India agreed $15.7bn in arms purchases from 1997 to 2004
The Congressional Research Service said Delhi agreed the transfer of $5.7bn in weapons, ahead of China.
India was also the leading developing world purchaser over the 1997-2004 period covered in the report, sealing 10% of all such arms agreements.
The US remains the largest supplier - delivering $9.6bn of arms in 2004.
The Congressional Research Service report, released this week, listed India and China as by far the heaviest buyers.
India negotiated $15.7bn in agreed transfers of conventional weapons between 1997 and 2004 to top the list.
China overtook India for the period 2001-2004 on the back of a big increase in defence budget, but India was back on top for 2004 alone.
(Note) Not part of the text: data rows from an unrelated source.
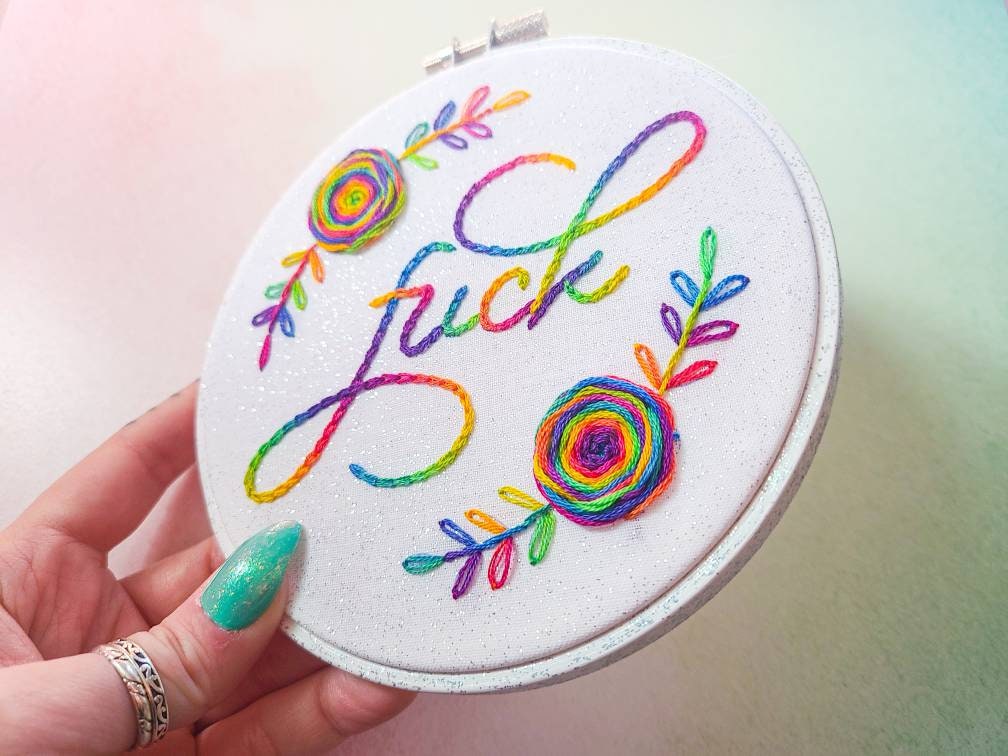 Rainbow "Fuck" Hand Embroidery - Made to Order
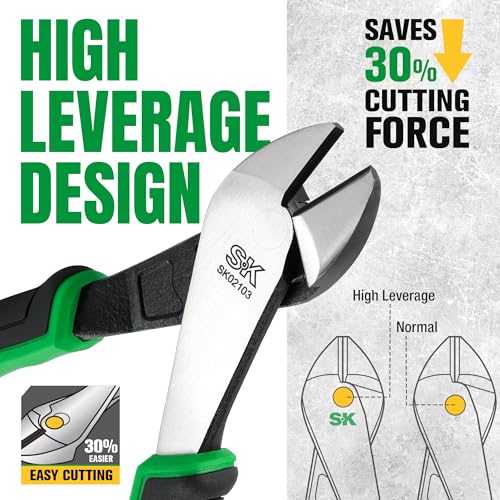SK 8-Inch Side Cutters, Heavy Duty Diagonal Cutting Pliers, Wire Cutters - style: 8in Diagonal Pliers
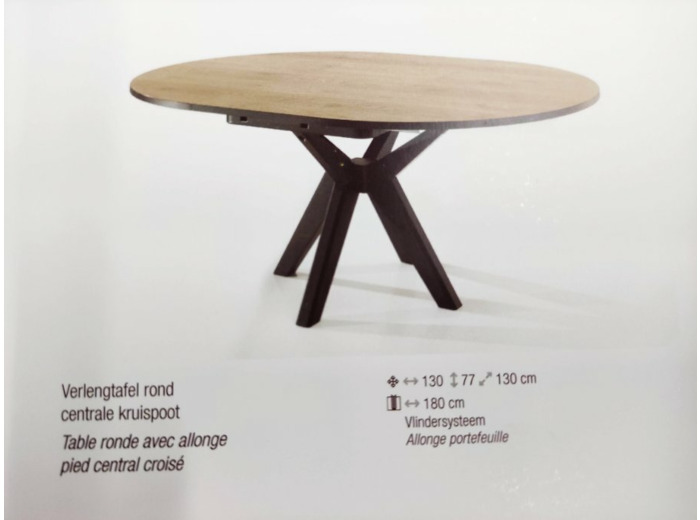 Table ronde avec allonge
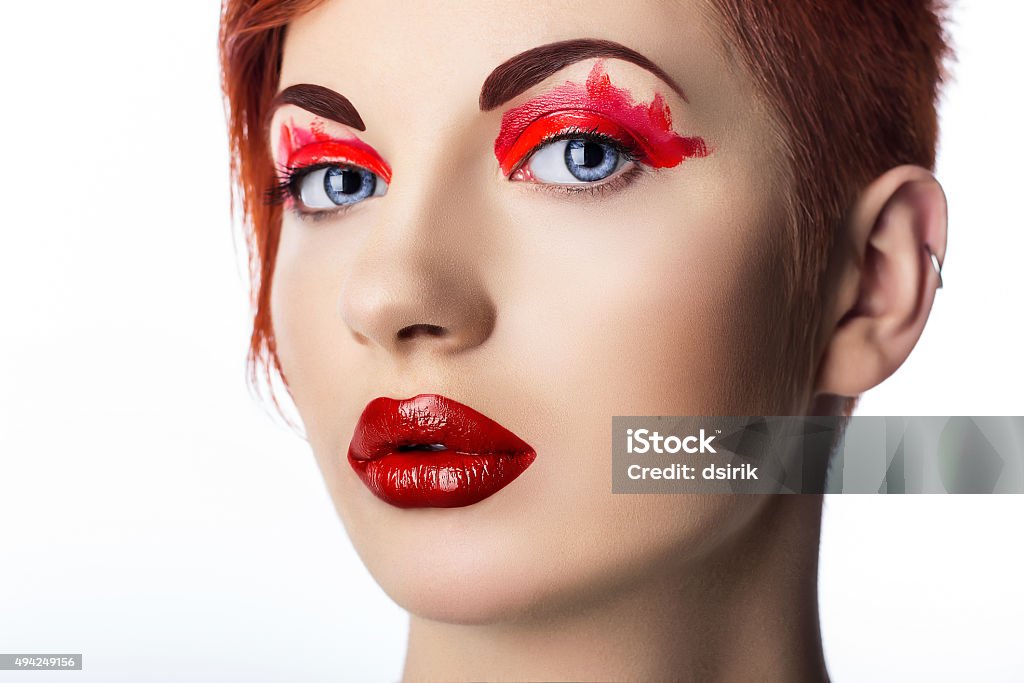 Fashion glamor portrait of beautiful sexy  Caucasian young woman model High fashion look.glamor closeup portrait of beautiful sexy stylish  Caucasian young woman model with bright makeup, with red lips. 2015 Stock Photo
Overall global sales in 2004 were the highest since 2000. A total of $37bn in arms sales in both industrial and developing nations was concluded.
The US had 33.5% of all contracts last year, ahead of Russia and Britain.
The annual Conventional Arms Transfers to Developing Nations report is thought to be the most comprehensive on global weapons sales.
The weapons sales include tanks, submarines, combat aircraft, missiles and ammunition.
US State Department spokesman Sean McCormack insisted its arms transfers were carried out under "a very rigorous set of rules and regulations and laws".
"Just as we exercise restraint in our own transfers, we encourage restraint by other countries," he said.